Today is a day set aside for giving thanks. It is a wonderful tradition we Americans have carried on for decades (even as Black Friday shopping deals encroach on the day). Despite all the turmoil going on in the world, we have much to be thankful for.
But I feel the need to issue a warning:
The contents of our thankful sayings will reveal what we hold most dear. More specifically, which person(s) we hold most dear. So when grace is said before dinner tonight, or as everyone goes around the table to say what they’re thankful for…listen not just for their words, but listen for their heart. Above all, we should listen to our own words and consider our motives.
The shift is subtle, but it is so easy for our prayers and thankfulness to become self-centered. One of Jesus’ parables dealt directly with this:
[Jesus] also told this parable to some who trusted in themselves that they were righteous and looked down on everyone else:
Now before we ignore this parable because we think that we don’t fit Jesus’ target audience…let’s think back over our prayers for the last week. Maybe you’ve prayed only once, or once a day, or even multiple times a day, but what has been the content of those prayers?
How do our prayers compare to these two individuals?
“Two men went up to the temple to pray, one a Pharisee and the other a tax collector.
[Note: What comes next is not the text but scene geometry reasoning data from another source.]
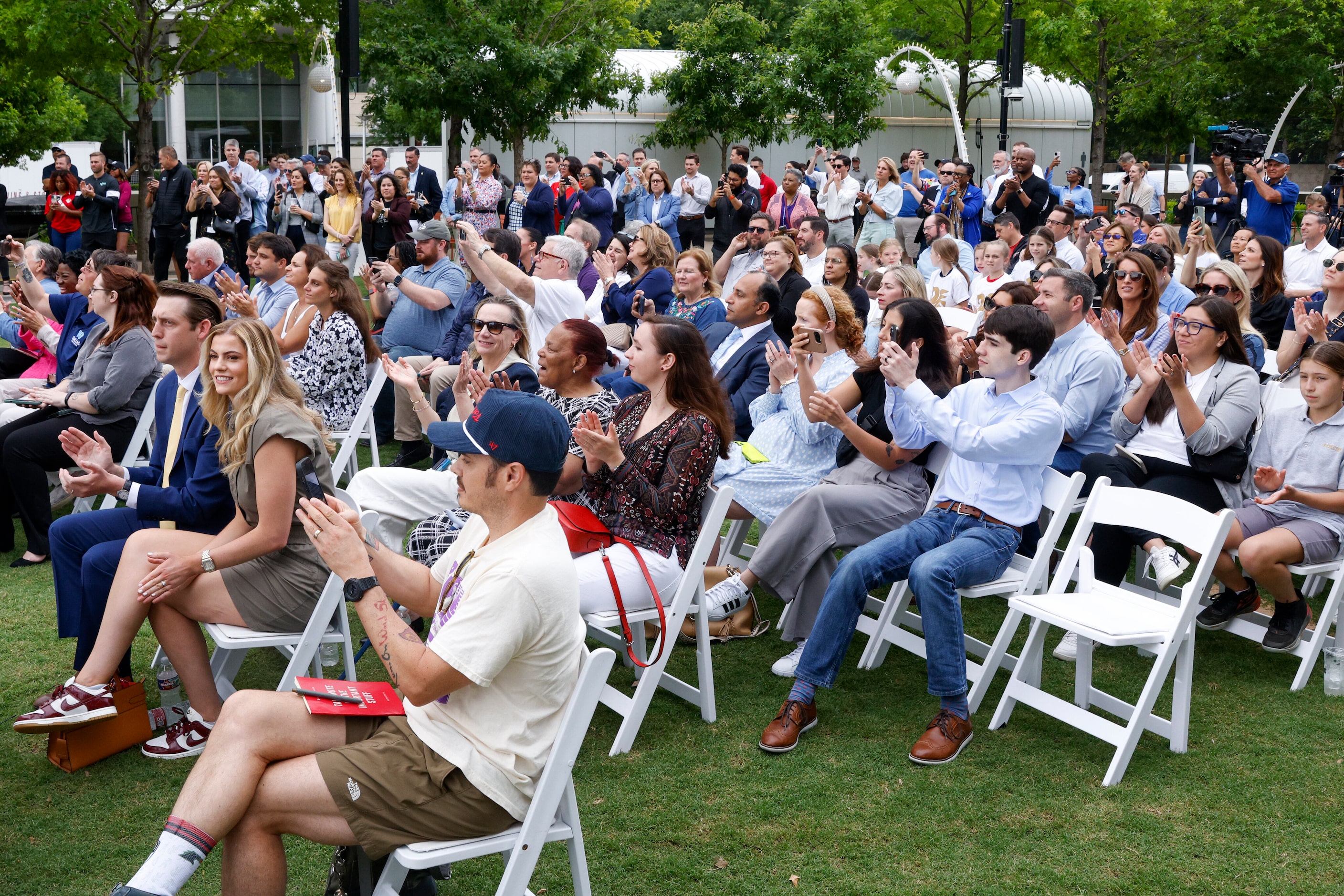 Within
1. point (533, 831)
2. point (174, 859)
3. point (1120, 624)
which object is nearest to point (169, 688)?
point (174, 859)

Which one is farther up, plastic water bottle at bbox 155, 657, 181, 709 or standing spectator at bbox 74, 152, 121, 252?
standing spectator at bbox 74, 152, 121, 252

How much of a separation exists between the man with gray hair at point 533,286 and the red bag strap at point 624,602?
2266 mm

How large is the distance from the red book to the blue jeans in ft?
5.99

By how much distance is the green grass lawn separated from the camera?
328 cm

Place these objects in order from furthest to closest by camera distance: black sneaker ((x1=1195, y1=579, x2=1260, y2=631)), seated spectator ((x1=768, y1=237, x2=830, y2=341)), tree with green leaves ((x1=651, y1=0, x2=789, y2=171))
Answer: tree with green leaves ((x1=651, y1=0, x2=789, y2=171))
seated spectator ((x1=768, y1=237, x2=830, y2=341))
black sneaker ((x1=1195, y1=579, x2=1260, y2=631))

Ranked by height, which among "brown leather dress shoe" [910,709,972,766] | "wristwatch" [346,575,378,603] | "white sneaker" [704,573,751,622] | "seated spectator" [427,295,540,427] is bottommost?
"brown leather dress shoe" [910,709,972,766]

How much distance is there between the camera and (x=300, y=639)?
372 cm

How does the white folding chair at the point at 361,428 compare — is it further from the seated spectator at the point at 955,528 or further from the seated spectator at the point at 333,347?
the seated spectator at the point at 955,528

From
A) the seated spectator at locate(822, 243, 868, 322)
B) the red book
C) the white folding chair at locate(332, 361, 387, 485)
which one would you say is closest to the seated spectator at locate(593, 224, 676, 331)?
the seated spectator at locate(822, 243, 868, 322)

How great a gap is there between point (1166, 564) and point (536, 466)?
124 inches

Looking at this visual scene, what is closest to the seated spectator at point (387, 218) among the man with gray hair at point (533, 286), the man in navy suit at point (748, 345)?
the man with gray hair at point (533, 286)

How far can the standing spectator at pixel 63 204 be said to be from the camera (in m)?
15.0

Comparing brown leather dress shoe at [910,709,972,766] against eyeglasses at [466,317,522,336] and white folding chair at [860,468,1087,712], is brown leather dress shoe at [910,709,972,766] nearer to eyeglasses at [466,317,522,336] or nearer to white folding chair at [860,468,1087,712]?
white folding chair at [860,468,1087,712]

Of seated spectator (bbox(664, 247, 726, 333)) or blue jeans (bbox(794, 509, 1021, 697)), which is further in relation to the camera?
seated spectator (bbox(664, 247, 726, 333)) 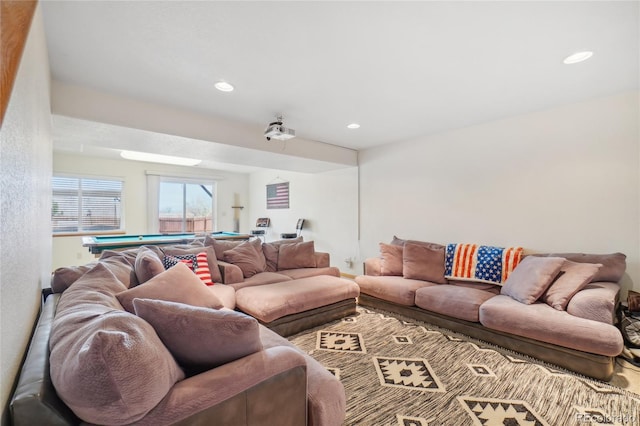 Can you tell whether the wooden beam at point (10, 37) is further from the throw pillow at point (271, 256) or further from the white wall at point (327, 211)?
the white wall at point (327, 211)

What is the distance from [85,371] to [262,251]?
3.20 meters

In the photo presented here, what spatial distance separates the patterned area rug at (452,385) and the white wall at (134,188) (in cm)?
554

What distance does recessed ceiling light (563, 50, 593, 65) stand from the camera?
2.09 metres

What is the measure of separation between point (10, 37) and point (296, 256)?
3.57 metres

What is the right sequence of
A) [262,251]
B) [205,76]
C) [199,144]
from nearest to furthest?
[205,76] → [199,144] → [262,251]

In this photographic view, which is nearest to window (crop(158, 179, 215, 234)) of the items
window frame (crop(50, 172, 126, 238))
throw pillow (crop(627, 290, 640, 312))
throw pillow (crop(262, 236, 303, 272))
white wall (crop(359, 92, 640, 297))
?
window frame (crop(50, 172, 126, 238))

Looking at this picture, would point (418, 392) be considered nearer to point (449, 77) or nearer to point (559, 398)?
point (559, 398)

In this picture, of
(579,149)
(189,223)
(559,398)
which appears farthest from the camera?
(189,223)

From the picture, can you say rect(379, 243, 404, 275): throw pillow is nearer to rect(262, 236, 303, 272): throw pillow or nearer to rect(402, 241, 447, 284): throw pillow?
rect(402, 241, 447, 284): throw pillow

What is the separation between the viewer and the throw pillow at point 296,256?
3.95m

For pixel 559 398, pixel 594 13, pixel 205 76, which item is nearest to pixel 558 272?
pixel 559 398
The Pharisee was standing and praying like this about himself:
‘God, I thank you that I’m not like other people – greedy, unrighteous, adulterers, or even like this tax collector. I fast twice a week; I give a tenth of everything I get.’
But the tax collector, standing far off, would not even raise his eyes to heaven but kept striking his chest and saying,
‘God, have mercy on me, a sinner!’
I tell you, this one went down to his house justified rather than the other; because everyone who exalts himself will be humbled, but the one who humbles himself will be exalted.”
Can you hear the bragging tone of the self-centered Pharisee? He’s so thankful that he doesn’t do the wrong things and that he always does all the right things. Certainly, God should be impressed by his actions. In the Pharisee’s mind, he has earned his place with God by doing everything better than everyone else.
The tax collector doesn’t bother to look at what he has or has not done. Instead, his focus is entirely on God. He recognized that God was the foundation of their relationship. Without God’s participation and mercy, there was no chance for this tax collector – regardless of what good things he does or has.
So let’s avoid being thankful for “things” and “stuff” simply because “things” and “stuff” are enjoyable. Let’s not be thankful in comparison to other’s situations and life choices. It’s ok to enjoy blessings and good moments in life; however, the amount of blessings we have is not proof of how close we are with God.
But some evidence of our relationship with God will be heard in our prayers and words of thanks.